İşte Cumhuriyet Halk Partisi Sevr’i yırtıp atanların, Lozan’ı yapanların, yedi düvele bir ülkenin tapu senedini kabul ettirenlerin partisidir. Lozan, bu milletin hiçbir güce boyun eğmeyeceğinin en temel belgesidir. Milli mücadelede o azmi gösterenlerin arasında bu milletin Türkleri - Kürtleri, Alevileri - Sünnileri yani bu ülkenin tüm renkleri vardı. Bugün de bu meydanda Türkiye’nin tüm renkleri ile bir aradayız. Türkiye'nin tüm demokratları ile bir aradayız. ‘Kurtuluş yok tek başına, ya hep beraber ya hiçbirimiz’ diyenler hep birlikteyiz. Farklı düşünse de demokraside buluşanlar…
Ekrem İmamoğlu’nun da Selahattin Demirtaş’ın da Ümit Özdağ’ın da hakkını savunabilme, hepsine birden özgürlük talep edebilme cesareti demokratların göstereceği bir cesarettir. Kurtuluş yok tek başına, ya hep beraber ya hiçbirimiz. İşte bu meydanlardan yükselen bu ses, bu hep birlikte yükselen bu ses varsa otokratlar korkar, diktatörler korkar. Çünkü bilirler ki demokratlar birdir, birliktedir. Hedefleri; hep birlikte olmaktır. Hedefleri; zulmü, esareti bitirmek, özgürlüğü getirmektir. Burada olanlara selam olsun. Türkiye’nin cesur yürekli demokratlarına, sosyal demokratlara selam olsun. Muhafazakar demokratlara, milliyetçi demokratlara, liberal demokratlara, sosyalist demokratlara, Kürt demokratlara, Türkiye’nin bütün demokratlarına selam olsun. Helal olsun.”

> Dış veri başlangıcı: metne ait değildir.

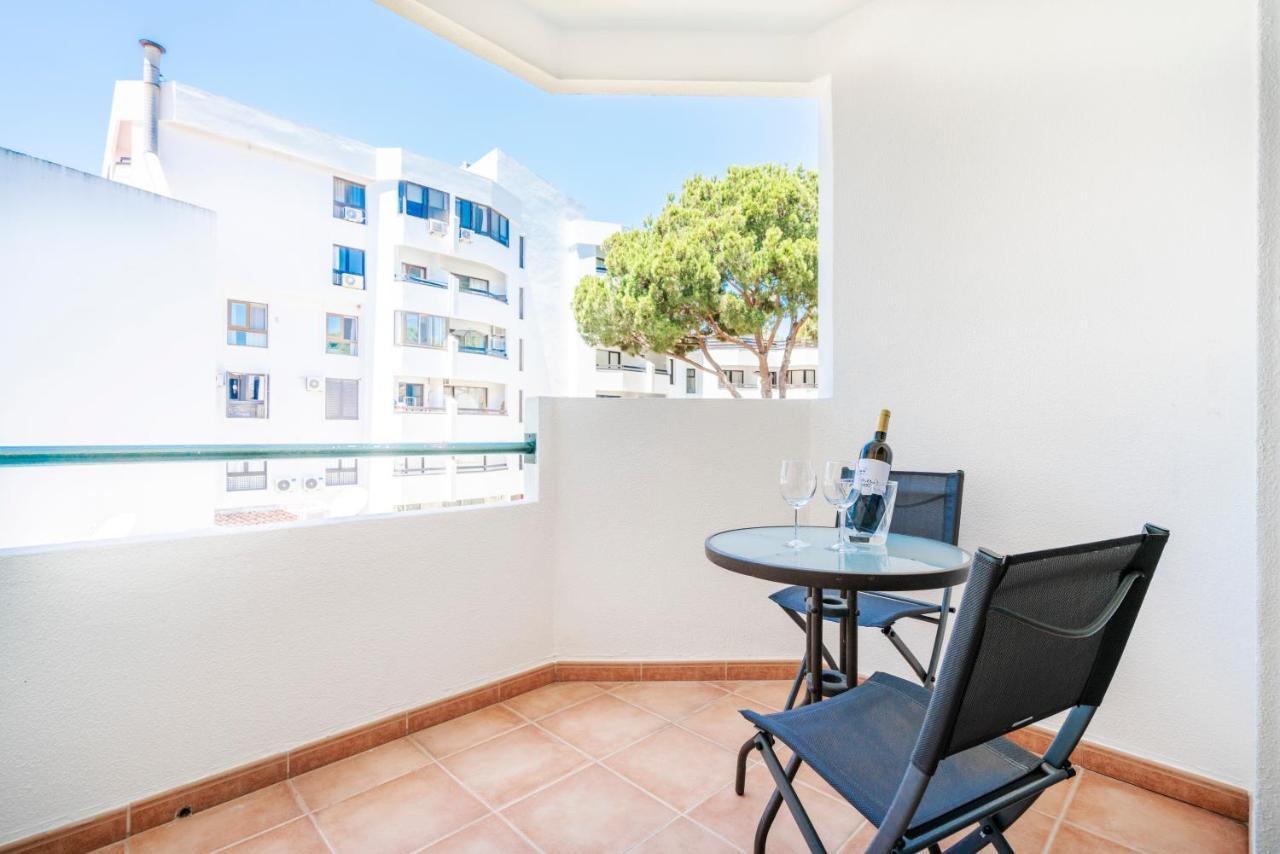 Lovely 1Bed Flat Short Walk To The Marina Vilamoura Quarteira Eksteriør billede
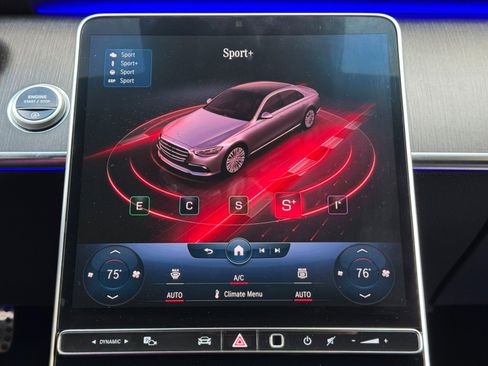 Used 2022 Mercedes-Benz S 500 4MATIC w/ AMG Line Package image 36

ERDOĞAN'A SESLENDİ: 'KORKAN GÖRÜYOR MUSUN?'
“Bu ülkeyi sandık olmadan yönetmek isteyenlere karşı demokrasiyi kurup sandıkta yarışmak için bir aradayız. 19 Mayıs ile başlayan mücadele bir halk hareketidir. 19 Mart darbesine karşı direniş de bir halk hareketidir. Bilinsin ki bu topraklar, celladına dua eden kulların değil; zalime diz çökmeyen özgür milletin topraklarıdır. Gündoğdu Meydanı’nı görmeyenler görsün. Ey Erdoğan, Gündoğdu Meydanı’nı görüyor musun? Sen rakiplerini hapse atarak kazanabileceğini sandın. Sen gençleri zindana atarak korkutabileceğini sandın. Bu meydanda hiç korkan görüyor musun, hiç korkak görüyor musun? Biz korkuyu evde bıraktık. Çünkü bu Cumhuriyet’i kuranlar, korkmadılar. Korkmayanlar kurdu Cumhuriyet’i. Korkmayanlar koruyor. Biz de korkmuyoruz. Senin zulmüne teslim olmuyoruz. 19 Mart’tan bu yana Samsun’daydık, Yozgat’taydık, Mersin’deydik, Konya’daydık, Van’daydık. Oralarda dedik ki, ‘Artık eski siyaset yok. Artık hiç kimsenin kalesi, kaleleri yok. Birileri nasıl söylerse söylesin samimi kanaatim odur ki, İzmir Cumhuriyet Halk Partisi’nin değil; Cumhuriyet’in ta kendisinin kalesidir. Şehirleri birilerinin kalesi görenlere sesleniyoruz.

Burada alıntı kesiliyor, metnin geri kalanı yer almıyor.